> EXERCISE DATA:
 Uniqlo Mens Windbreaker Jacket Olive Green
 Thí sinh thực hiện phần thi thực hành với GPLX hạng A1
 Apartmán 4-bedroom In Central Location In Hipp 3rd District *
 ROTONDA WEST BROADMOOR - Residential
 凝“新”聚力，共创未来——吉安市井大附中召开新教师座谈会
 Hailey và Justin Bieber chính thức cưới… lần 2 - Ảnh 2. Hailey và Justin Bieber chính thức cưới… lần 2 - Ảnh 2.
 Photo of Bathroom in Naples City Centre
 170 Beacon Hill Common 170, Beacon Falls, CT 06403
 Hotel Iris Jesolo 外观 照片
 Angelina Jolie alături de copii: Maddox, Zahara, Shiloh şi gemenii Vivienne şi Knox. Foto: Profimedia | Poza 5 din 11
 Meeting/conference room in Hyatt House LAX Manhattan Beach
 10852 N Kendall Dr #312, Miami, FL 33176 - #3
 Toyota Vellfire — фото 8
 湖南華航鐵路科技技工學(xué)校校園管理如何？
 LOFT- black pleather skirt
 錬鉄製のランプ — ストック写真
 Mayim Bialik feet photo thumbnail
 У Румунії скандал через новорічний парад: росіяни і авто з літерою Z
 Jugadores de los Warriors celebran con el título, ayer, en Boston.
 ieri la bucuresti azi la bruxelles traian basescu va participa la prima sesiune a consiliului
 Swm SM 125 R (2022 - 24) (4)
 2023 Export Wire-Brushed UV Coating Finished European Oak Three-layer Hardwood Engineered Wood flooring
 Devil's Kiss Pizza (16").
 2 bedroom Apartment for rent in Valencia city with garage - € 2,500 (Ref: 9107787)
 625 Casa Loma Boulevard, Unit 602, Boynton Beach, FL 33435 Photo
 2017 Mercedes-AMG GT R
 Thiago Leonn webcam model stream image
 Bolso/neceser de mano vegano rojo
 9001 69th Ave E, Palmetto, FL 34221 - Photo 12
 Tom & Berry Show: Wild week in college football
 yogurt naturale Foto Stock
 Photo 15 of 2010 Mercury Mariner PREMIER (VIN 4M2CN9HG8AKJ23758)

> YOUR GOAL: Every line from the line containing "湖南華航鐵路科技技工學(xué)校校園管理如何？" through the line containing "2 bedroom Apartment" in the records above must be retyped exactly. Leave out the rest.

> TASK RESULT:
 湖南華航鐵路科技技工學(xué)校校園管理如何？
 LOFT- black pleather skirt
 錬鉄製のランプ — ストック写真
 Mayim Bialik feet photo thumbnail
 У Румунії скандал через новорічний парад: росіяни і авто з літерою Z
 Jugadores de los Warriors celebran con el título, ayer, en Boston.
 ieri la bucuresti azi la bruxelles traian basescu va participa la prima sesiune a consiliului
 Swm SM 125 R (2022 - 24) (4)
 2023 Export Wire-Brushed UV Coating Finished European Oak Three-layer Hardwood Engineered Wood flooring
 Devil's Kiss Pizza (16").
 2 bedroom Apartment for rent in Valencia city with garage - € 2,500 (Ref: 9107787)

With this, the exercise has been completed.